◆ THE DATA
Content starts

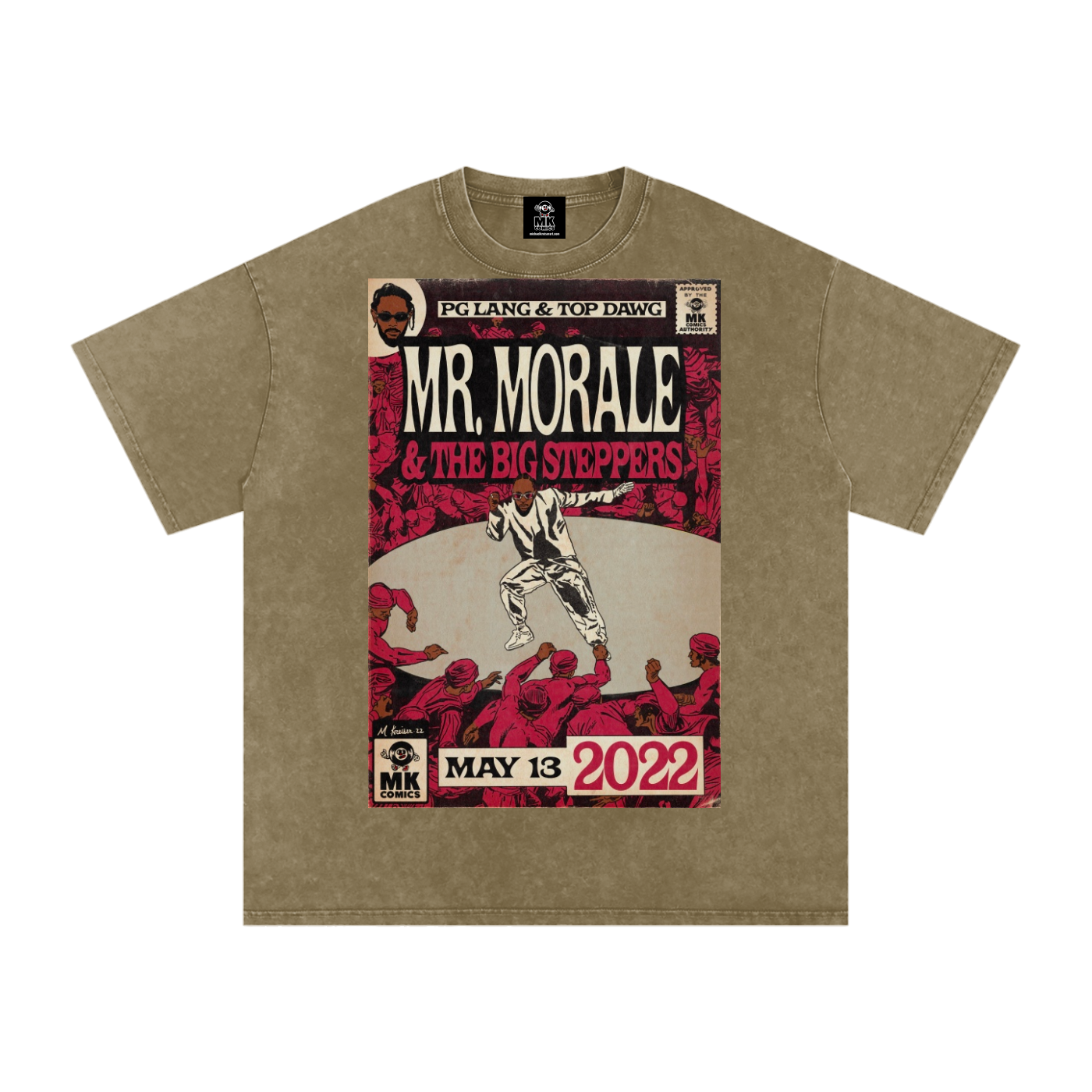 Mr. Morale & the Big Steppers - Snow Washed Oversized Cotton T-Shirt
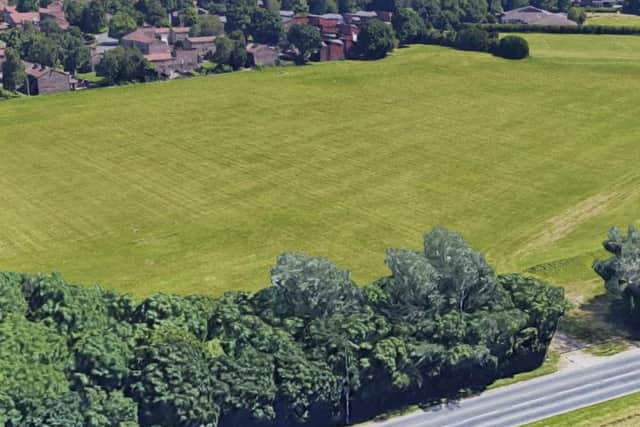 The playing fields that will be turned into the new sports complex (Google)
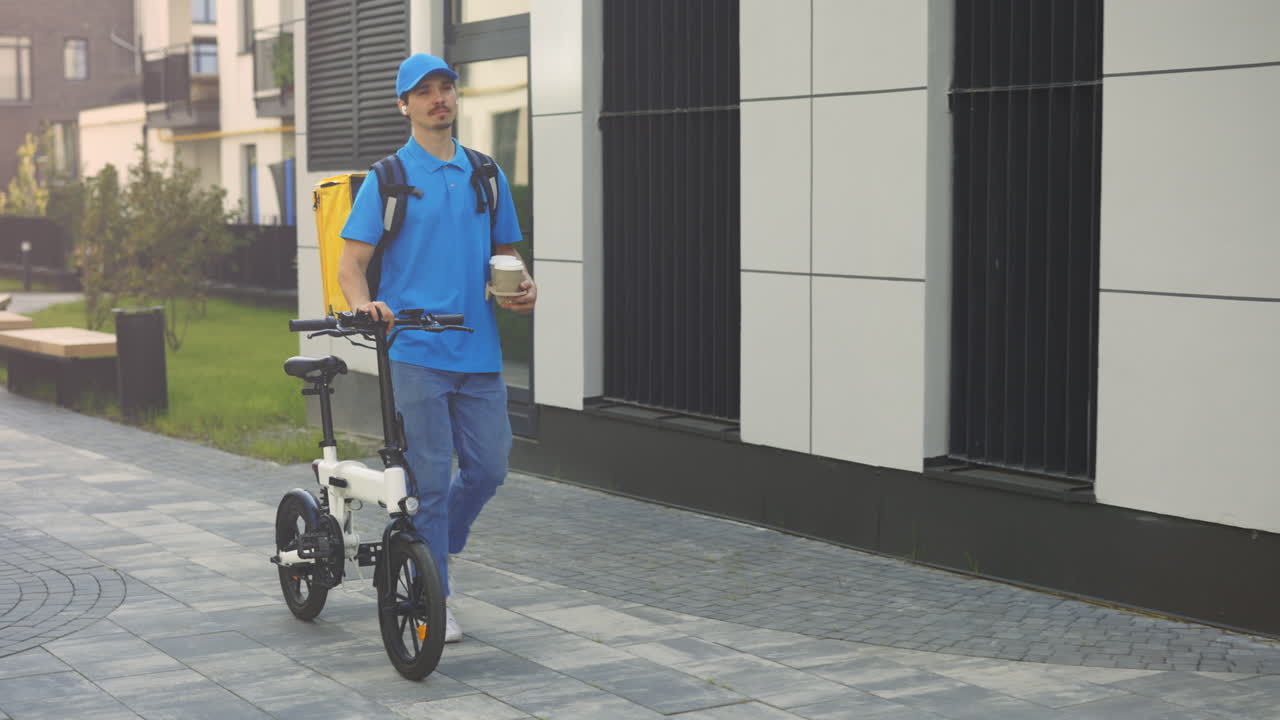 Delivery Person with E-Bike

Content ends

Once the pictures are set aside, transcribe the remaining lines above exactly.

◆ TASK RESULT
 Mr. Morale & the Big Steppers - Snow Washed Oversized Cotton T-Shirt
 The playing fields that will be turned into the new sports complex (Google)
 Delivery Person with E-Bike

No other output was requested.